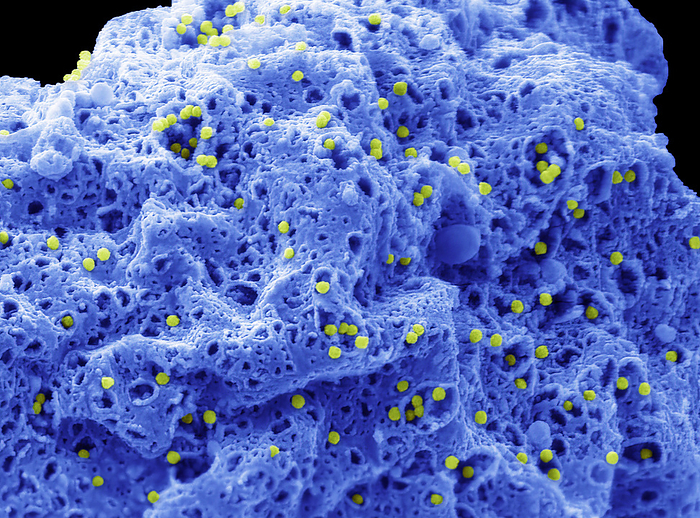 Adenovirus, SEM Scanning electron micrograph  SEM  of a human alveolar basal epithelial cell  A549 cell line  infected with Human adenovirus strain J.J. subtype D 10  HAdV 10  virus. The cell has been infected with HAdV 10 for 3 days and is in the process of undergoing lysis, releasing intracellular synthesised viral particles through pores in the plasma membrane  100nm yellow particles . Adenoviruses are a group of viruses that can cause mild to severe infection throughout the body. Adenovirus infections most commonly affect the respiratory system, eyes, and the gastrointestinal tract. These infections can cause symptoms similar to the common cold and flu or pneumonia, conjunctivitis, or acute gastroenteritis. Most adenovirus infections are mild. Magnification: x10000 when printed 10 centimetres wide. Specimen courtesy of Virology Research Services Ltd  Scott Lawrence ., by STEVE GSCHMEISSNER SCIENCE PHOTO LIBRARY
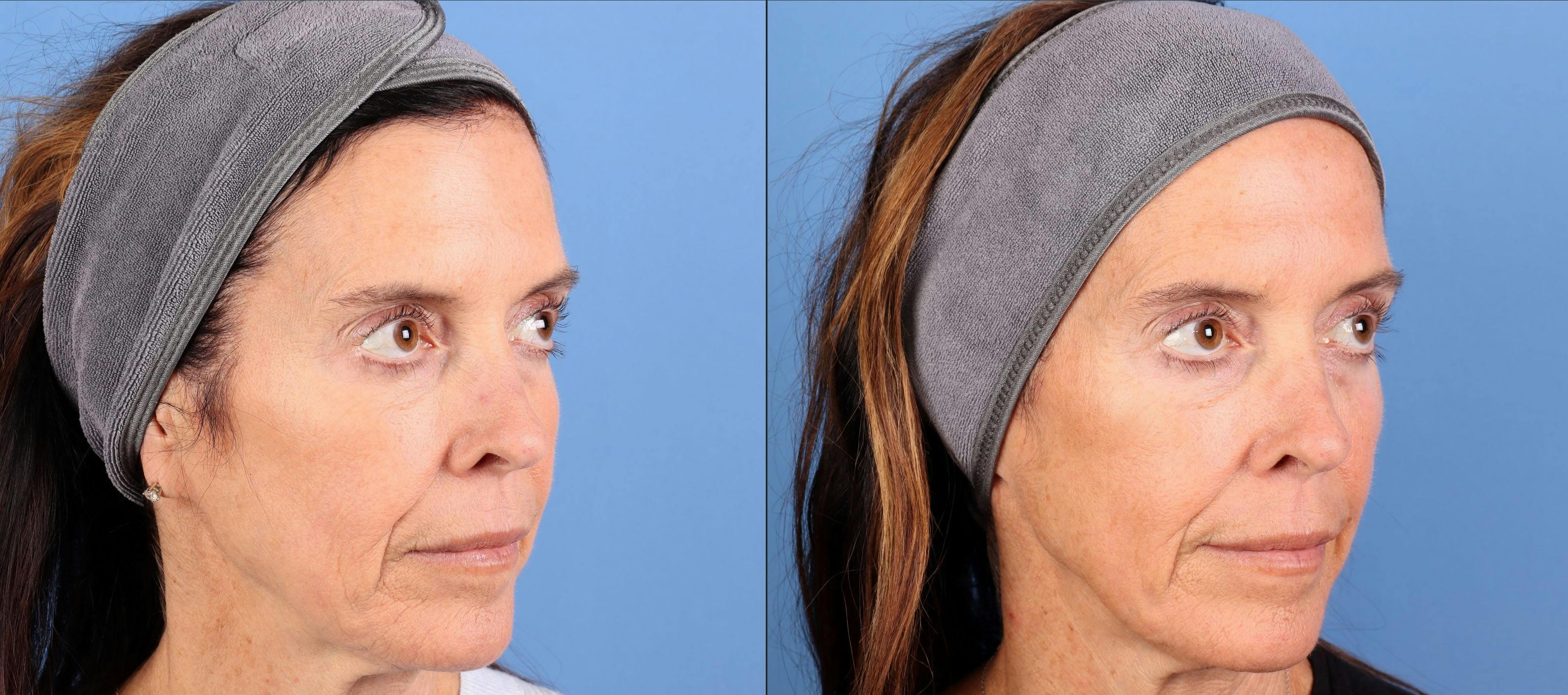 Laser Treatments Before & After Gallery - Patient 394617 - Image 2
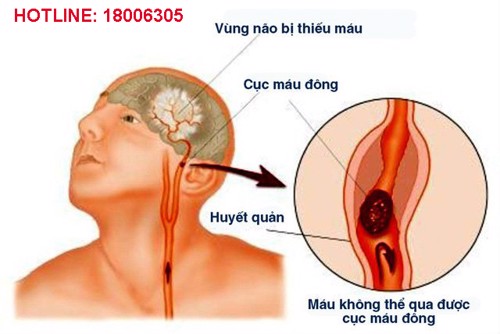 Nhồi máu não bán cầu trái: Nguyên nhân là gì và điều trị như thế nào?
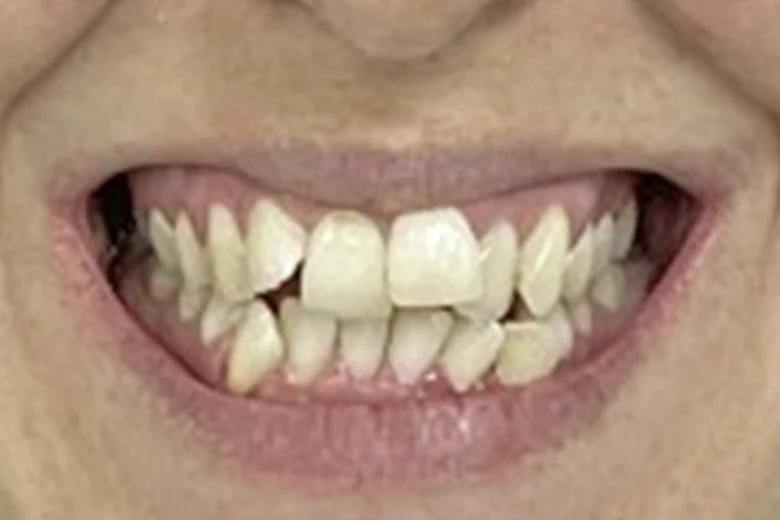Prima correzione disallinemanto denti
+ + +
● Exercise instructions
Repeat the material exactly, without images.

● Output for this exercise
 Adenovirus, SEM Scanning electron micrograph  SEM  of a human alveolar basal epithelial cell  A549 cell line  infected with Human adenovirus strain J.J. subtype D 10  HAdV 10  virus. The cell has been infected with HAdV 10 for 3 days and is in the process of undergoing lysis, releasing intracellular synthesised viral particles through pores in the plasma membrane  100nm yellow particles . Adenoviruses are a group of viruses that can cause mild to severe infection throughout the body. Adenovirus infections most commonly affect the respiratory system, eyes, and the gastrointestinal tract. These infections can cause symptoms similar to the common cold and flu or pneumonia, conjunctivitis, or acute gastroenteritis. Most adenovirus infections are mild. Magnification: x10000 when printed 10 centimetres wide. Specimen courtesy of Virology Research Services Ltd  Scott Lawrence ., by STEVE GSCHMEISSNER SCIENCE PHOTO LIBRARY
 Laser Treatments Before & After Gallery - Patient 394617 - Image 2
 Nhồi máu não bán cầu trái: Nguyên nhân là gì và điều trị như thế nào?
Prima correzione disallinemanto denti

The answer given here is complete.